### [GIVEN DATA]
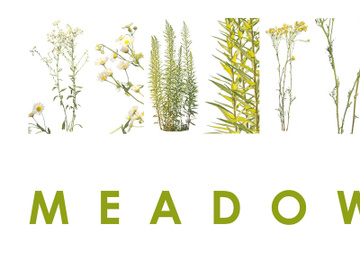 3 Meadow Plant Cutouts preview picture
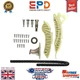 TIMING CHAIN KIT MINI BMW N14B16 CITROEN N14 R57 C4 PICASSO 1.6 PETROL TK-BM003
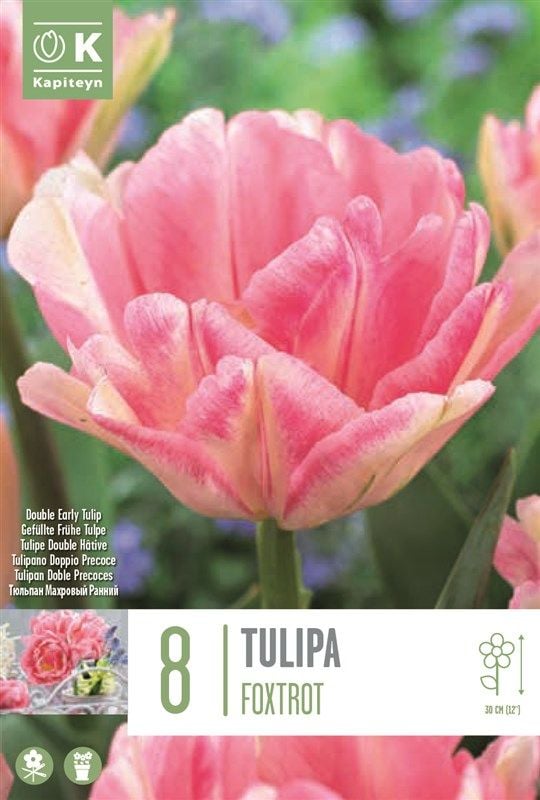 Tulipa Foxtrot - 8 Bulbs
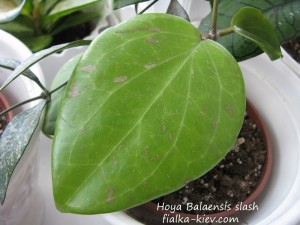 Hoya Balaensis slash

### [WORK TO BE COMPLETED]
From the line containing "TIMING CHAIN KIT" to the last line of the listing above, transcribe each line exactly, skipping the pictures.

### [ANSWER AREA]
 TIMING CHAIN KIT MINI BMW N14B16 CITROEN N14 R57 C4 PICASSO 1.6 PETROL TK-BM003
 Tulipa Foxtrot - 8 Bulbs
 Hoya Balaensis slash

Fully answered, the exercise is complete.